It is only appropriate that I finally write about a race since racing takes up much of my time. I train all week, race on the weekends. I am running the Bob Andruilis sweetheart run tomorrow in Litchfield; this race is very special to me for several reasons. I first ran the race 3 years ago. It was the first time I ran 5 miles. I was a ball of nerves and crashed hard at mile 4, and like a new runner dragged myself across the finish line being as dramatic as if I just completed a full marathon. Then, I felt wonderful. The race itself is the epitome of New England. It begins at a community hall. Bob Andrulis, who passed away years ago from a heart attack, clearly was a beloved member of the community. His children run the race. His great grandchildren speak to the shivering runners lined up in a typical pre-race scene parking lot. The race follows a dead end road and takes you a quarter miles down a woodsy path, only to put the runner back out on a large main road, winding and curving past the maple trees. It then enters White’s Woods state park, turns around and circles back, finishing in the same lot. There are usually several older woman with many blankets huddled together cheering on every runner until the last one finishes. The runners are then given a cellophane bag full of different Valentine's Day candy, and are encouraged to go inside to join the masses for homemade soup, a table of fresh baked goods and happy, excited volunteers. When I entered the hall those few years ago, I felt like a part of the community. I felt like a friend of Bob Andrulis. I felt like a runner.

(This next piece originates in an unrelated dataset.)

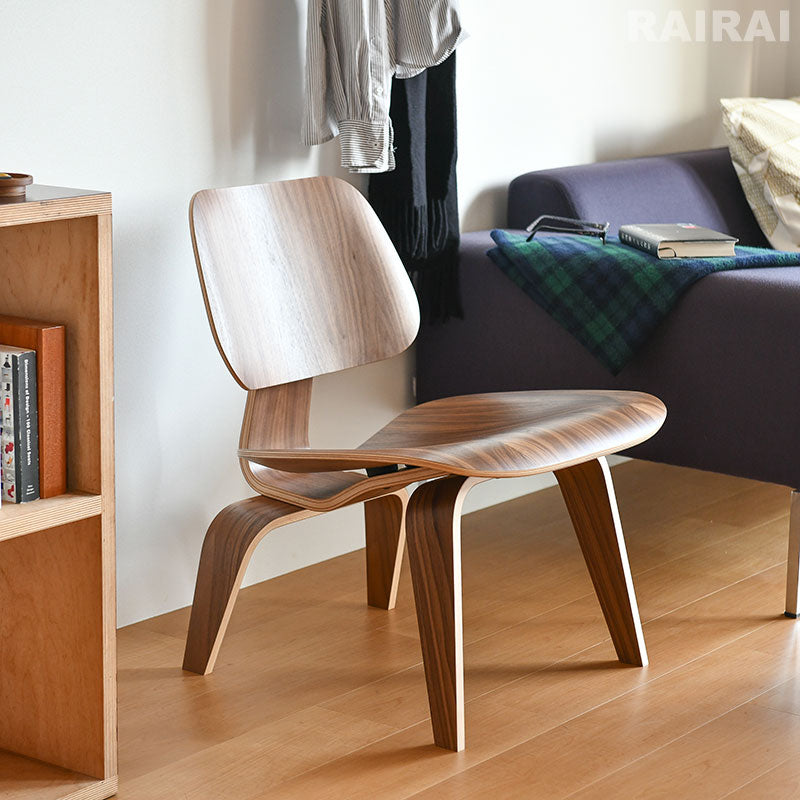 セール25%OFF】 イームズプライウッドラウンジチェア LCW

When I drive to Litchfield I am blasted with childhood memories, from the Gooseberry drive-in where I ate my first hamburger with an onion on it; and past the Northville grocery store, that used to be home to many many stuffed animals. My beloved stuffed Ostrich, named Oscar, resided there. I have faint visions of cross county skiing through White’s Woods, of family day on Sundays. Those days are long ago for most of us, but so much longer in my story. Such a brief time of family history that then collapsed into real life, real worries, real pain.

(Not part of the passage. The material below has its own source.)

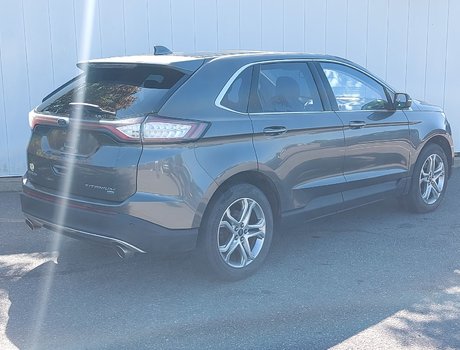 2017 Ford EDGE TITANIUM | Leather | HtdSeats | Cam | Bluetooth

As I think of the race tomorrow, my thoughts become much different. I know who my competition is, I know they will be there. I have been nursing an injury, so am uncertain if I should give it one hundred percent; the biggest reason being that I am afraid of failing. Running five miles isn't like what it used to be. I used to be afraid I would not finish, now I am afraid I won't win. Or rather, if I feel I didn't do as well as I think I should, I will have to deal with my own disappointment. At times, this thought process makes me wish that I never got better, that I never placed at a race, that I was not so hard on myself. Smart training is always looking ahead, and always listening to your body. Smart running is running against yourself, and running FOR yourself all the time, every time. I will lace up my running shoes in the morning and put all the layers on. I will remind myself how far I have come, as a runner, and as a person. I will slow down as I pass the Northville market, the Gooseberry diner. I will take a deep breath when I enter the White’s Woods Memorial Park. I will remember my mother and father taking four children skiing, with a thermos of hot chocolate in tow. I will run, I will finish, I will bring my bag of candy home to my son. Fast or slow, I will cherish the cold February air on my face, I will feel my heart beat with the sound of runners’ footsteps, of runners all around me. When crossing the finish with cheers from old women clad in wool afghans, I will be grateful to be alive.